Earlier this month, markets regulator the Securities and Exchange Board of India (SEBI) issued notices to several angel networks, seeking details of how their fundraising process works and whether they comply with the prevailing securities market and Indian company law provisions.
Presently, there are only two possible buckets where angel network platforms may fall into due to the role they play in fundraising. First, they may be akin to ‘a stock exchange platform,’ which is governed by SEBI’s regulatory regime, and second, they may be like ‘a crowdfunding platform.’ So far, SEBI has only published a discussion paper on crowdfunding platforms in 2014. It is yet to issue regulatory norms.
A stock exchange, as per SEBI-prescribed norms, refers to an entity or association organised for the purpose of assisting, regulating or controlling the business of buying, selling or dealing in securities. The fundraising facilitated by angel networks that matches a startup with a potential investor is paradoxically different from the match-making facilitated by stock exchanges between a buyer and seller, or for that matter, even between a company going for listing and its investors. The angel networks mostly operate as facilitators or an interface between startups and investors, where securities are issued directly by the startups. These networks do not engage in secondary trading, nor do they play any role in price discovery, clearing or settling transactions. Some may provide legal documentation and support services in order to develop a robust ecosystem. However, no buying or selling of securities takes place on the network platform, which is a core element required to be classified as a stock exchange.
The angel networks may fall under the ambit of a ‘crowdfunding platform,’ which as per a SEBI consultation paper issued in 2014, refers to solicitation of funds (small amount) from multiple investors through a web-based platform or social networking site for a specific project, business venture, or social cause.
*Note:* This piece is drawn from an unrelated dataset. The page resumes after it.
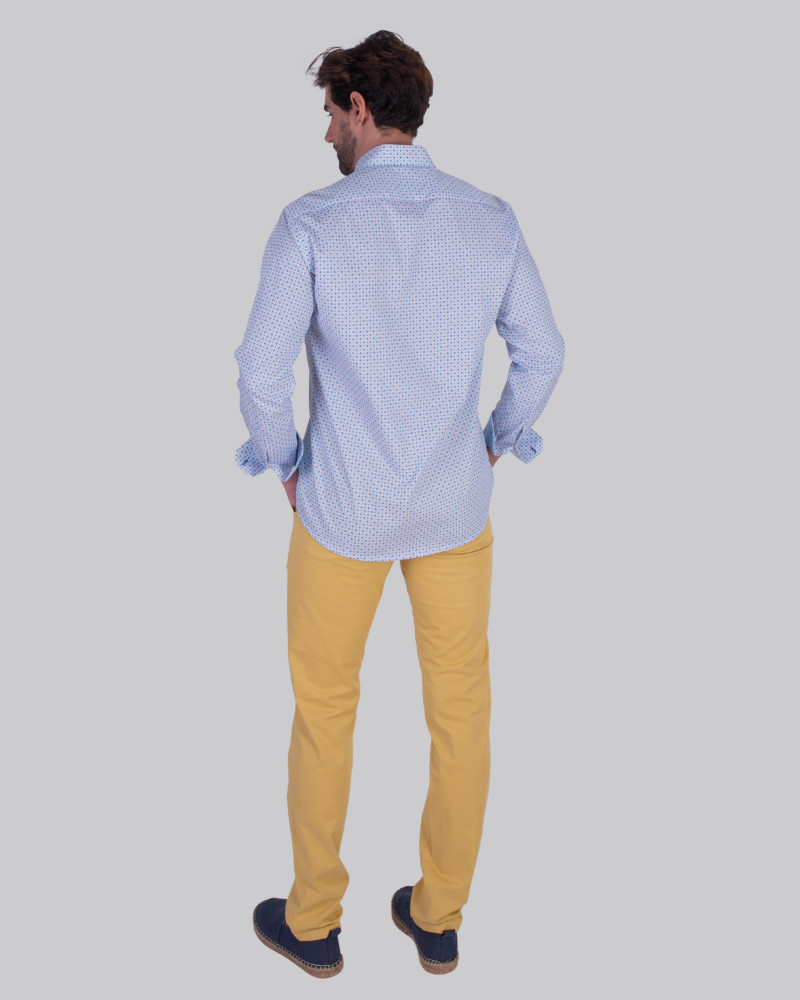 Camisa algodón estampada cuello botón y puño combinado | La Española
SEBI’s concern with the angel networks is that they may be contravening private placement norms by offering shares to more than 200 investors. This can be best understood against the backdrop of the ongoing court battle with Sahara, where the company had accepted deposits/monies by issuing securities to more than two crore investors. The modus operandi of these angel networks, on the other hand, suggests that the startups issuing securities do not present the offer letter/private placement memorandum to more than 200 persons, which is in compliance with the legal requirements under the Indian company law provisions.
Besides, if the activities of an angel network are construed to be akin to an unauthorised stock exchange, then the role of a merchant banker or investment advisor, who engages in issue management and assists in buying, selling or dealing in securities, may also be questioned.
SEBI’s move to safeguard investor interest is understandable; however, the objectives of angel networks, which serve as a vital link to the startup ecosystem, should also be kept in mind. Internationally, these platforms have emerged as one of the most practical substitutes to venture capital funding. A desirable means of governing the activities of these angel network platforms could be by way of notifying long-awaited crowdfunding regulations by SEBI. The markets regulator should soon lay down a roadmap on this.
Puneet Shah and Dhruma Paronigar are Principal Associate and Associate, respectively, with Mumbai-based law firm IC Legal.